Python library¶

To use Linguistica 5 as a Python library, an essential step is to initialize a Linguistica object. The way this can be done depends on the nature of your data source:

Data source¶

`read_corpus`(file_path[, encoding])	Create a Linguistica object with a corpus data file.
`read_wordlist`(file_path[, encoding])	Create a Linguistica object with a wordlist file.
`from_corpus`(corpus_object, **kwargs)	Create a Linguistica object with a corpus object.
`from_wordlist`(wordlist_object, **kwargs)	Create a Linguistica object with a wordlist object.

For instance, if the Brown corpus is available on your local drive (see Raw corpus text):

>>> import linguistica as lxa
>>> lxa_object = lxa.read_corpus('path/to/english-brown.txt')

Use read_wordlist() if you have a wordlist text file instead (see Wordlist).

Use from_corpus() or from_wordlist() if your data is an in-memory Python object (either a corpus text or a wordlist).

Parameters¶

The functions introduced in Data source all allow optional keyword arguments which are parameters for the Linguistica object. Different Linguistica modules make use of different parameters; see Full API documentation.
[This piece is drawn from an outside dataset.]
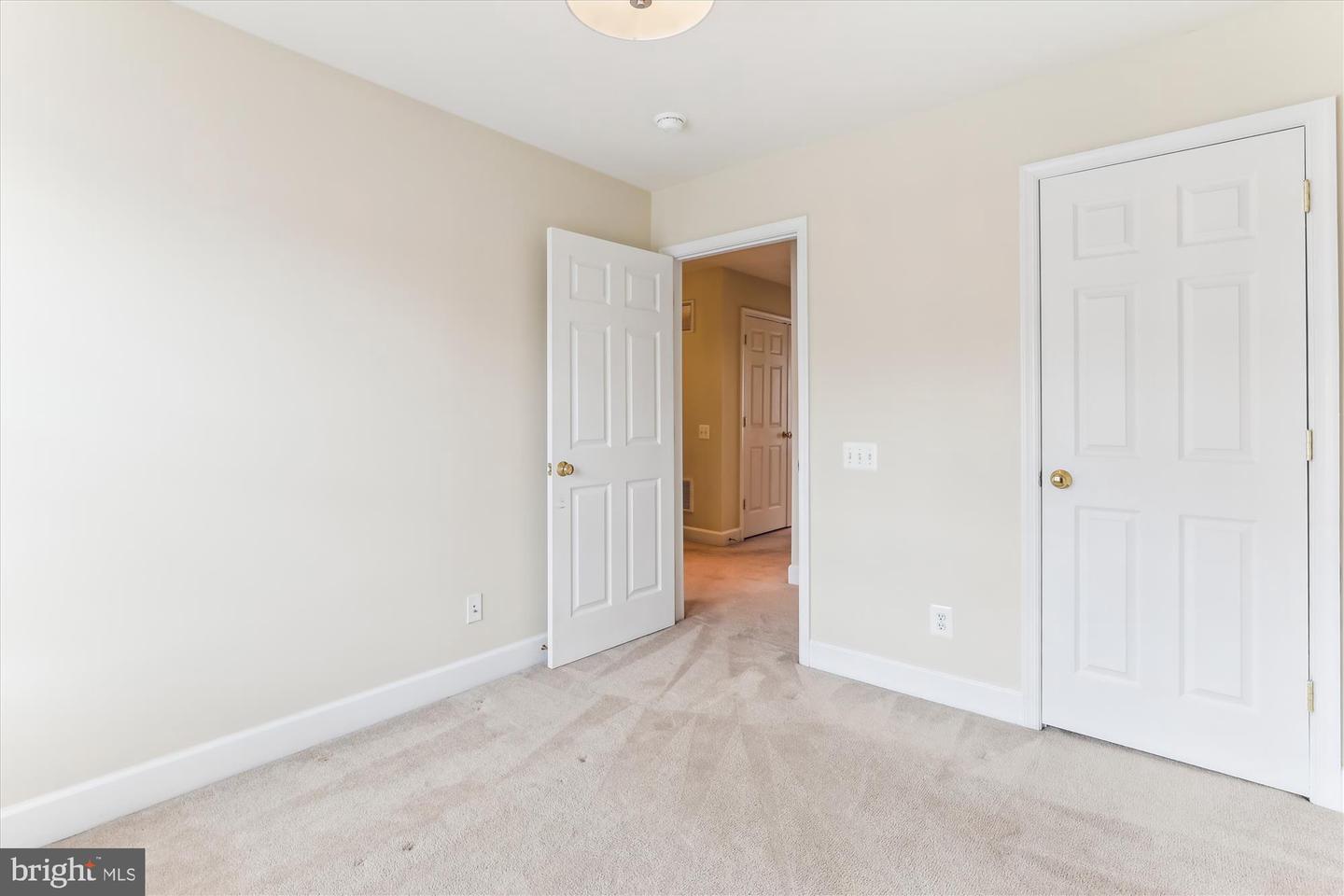 5990 GRAND PAVILION WAY, ALEXANDRIA, Virginia 22303, 4 Bedrooms Bedrooms, ,3 BathroomsBathrooms,Residential,For sale,5990 GRAND PAVILION WAY,VAFX2223306 MLS # VAFX2223306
For example, to deal with only the first 500,000 word tokens in the Brown corpus:

>>> import linguistica as lxa
>>> lxa_object = lxa.read_corpus('path/to/english-brown.txt', max_word_tokens=500000)

Parameter	Meaning	Default
`max_word_tokens`	maximum number of word tokens to be handled	0 (= all)
`max_word_types`	maximum number of word types to be handled	1000
`min_stem_length`	minimum stem length	4
`max_affix_length`	maximum affix length	4
`min_sig_count`	minimum number of stems for a valid signature	5
`min_context_count`	minimum number of occurrences for a valid context	3
`n_neighbors`	number of syntactic word neighbors	9
`n_eigenvectors`	number of eigenvectors (in dimensionality reduction)	11
`suffixing`	whether the language is suffixing	1 (= yes)
`keep_case`	whether case distinctions (“the” vs “The”) are kept	0 (= no)

The method parameters() returns the parameters and their values as a dict:

>>> from pprint import pprint
>>> pprint(lxa_object.parameters())
{'keep_case': 0,
 'max_affix_length': 4,
 'max_word_tokens': 0,
 'max_word_types': 1000,
 'min_context_count': 3,
 'min_sig_count': 5,
 'min_stem_length': 4,
 'n_eigenvectors': 11,
 'n_neighbors': 9,
 'suffixing': 1}

To change one or multiple parameters of a Linguistica object, use change_parameters() with keyword arguments:

>>> lxa_object.parameters()['min_stem_length']  # before the change
4
>>> lxa_object.change_parameters(min_stem_length=3)
>>> lxa_object.parameters()['min_stem_length']  # after the change
3

To reset all parameters to their default values, use use_default_parameters():

>>> lxa_object.parameters()['min_stem_length']  # non-default value
3
>>> lxa_object.use_default_parameters()
>>> lxa_object.parameters()['min_stem_length']
4

linguistica.from_corpus(corpus_object, **kwargs)¶

Create a Linguistica object with a corpus object.

Parameters:	corpus_object – either a long string of text (with spaces separating word tokens) or a list of strings as word tokens kwargs – keyword arguments for parameters and their values.

linguistica.from_wordlist(wordlist_object, **kwargs)¶

Create a Linguistica object with a wordlist object.

Parameters:	wordlist_object – either a dict of word types (as strings) mapped to their token counts or an iterable of word types (as strings). kwargs – keyword arguments for parameters and their values.

linguistica.read_corpus(file_path, encoding='utf8', **kwargs)¶

Create a Linguistica object with a corpus data file.

Parameters:	file_path – path of input corpus file encoding – encoding of the file at file_path. Default: `'utf8'` kwargs – keyword arguments for parameters and their values.

linguistica.read_wordlist(file_path, encoding='utf8', **kwargs)¶

Create a Linguistica object with a wordlist file.

Parameters:	file_path – path of input wordlist file where each line contains one word type (and, optionally, a whitespace plus the token count for that word). encoding – encoding of the file at file_path. Default: `'utf8'` kwargs – keyword arguments for parameters and their values.